### Available records
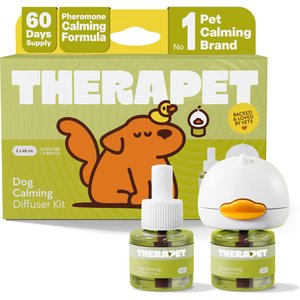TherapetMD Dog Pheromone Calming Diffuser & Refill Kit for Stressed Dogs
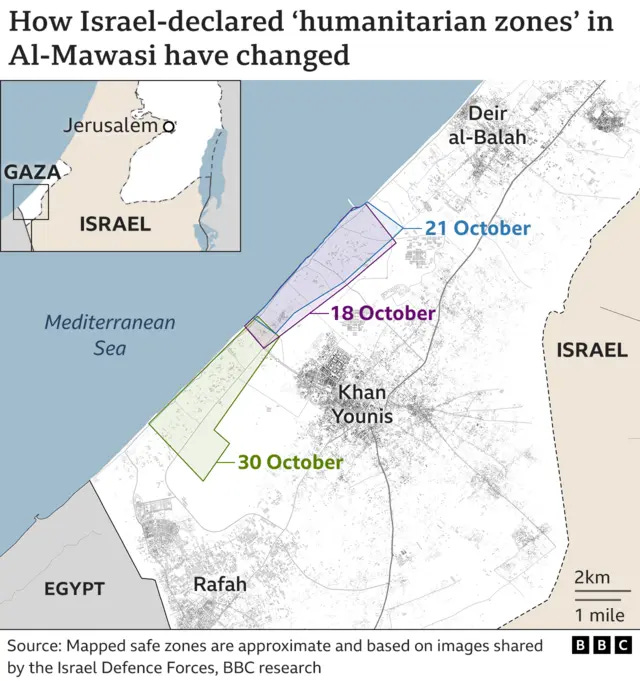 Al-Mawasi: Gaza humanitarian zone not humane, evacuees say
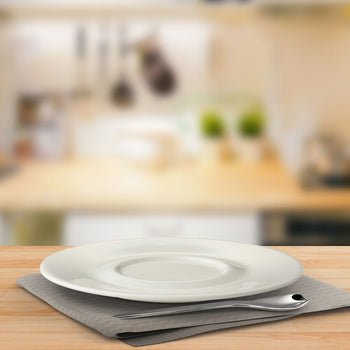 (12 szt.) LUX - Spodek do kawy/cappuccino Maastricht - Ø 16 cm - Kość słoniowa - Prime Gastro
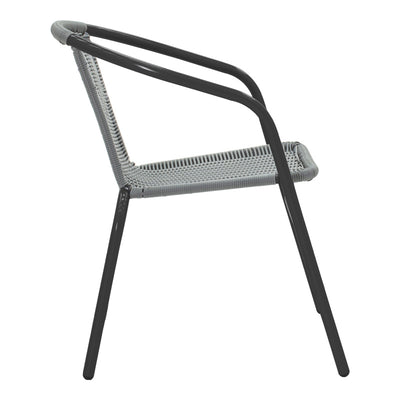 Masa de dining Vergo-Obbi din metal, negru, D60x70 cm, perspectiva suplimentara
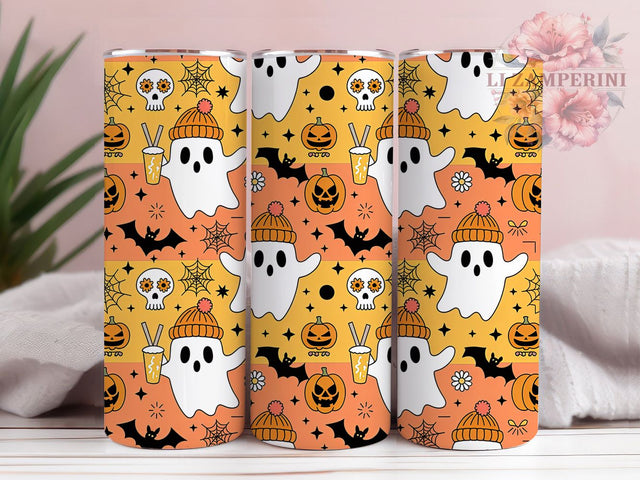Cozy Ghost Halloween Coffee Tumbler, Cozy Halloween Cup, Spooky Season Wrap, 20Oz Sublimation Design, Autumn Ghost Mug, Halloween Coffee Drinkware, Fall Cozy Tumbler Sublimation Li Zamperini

==

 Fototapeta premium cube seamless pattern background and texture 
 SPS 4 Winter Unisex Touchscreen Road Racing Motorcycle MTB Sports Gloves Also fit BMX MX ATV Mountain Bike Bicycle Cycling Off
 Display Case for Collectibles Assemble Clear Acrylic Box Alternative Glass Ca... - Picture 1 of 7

### Exercise instructions
Above are some records; extract exactly the lines from the one containing "TherapetMD Dog Pheromone" through the one containing "Cozy Ghost Halloween" and drop the pictures.

### Written response
TherapetMD Dog Pheromone Calming Diffuser & Refill Kit for Stressed Dogs
 Al-Mawasi: Gaza humanitarian zone not humane, evacuees say
 (12 szt.) LUX - Spodek do kawy/cappuccino Maastricht - Ø 16 cm - Kość słoniowa - Prime Gastro
 Masa de dining Vergo-Obbi din metal, negru, D60x70 cm, perspectiva suplimentara
Cozy Ghost Halloween Coffee Tumbler, Cozy Halloween Cup, Spooky Season Wrap, 20Oz Sublimation Design, Autumn Ghost Mug, Halloween Coffee Drinkware, Fall Cozy Tumbler Sublimation Li Zamperini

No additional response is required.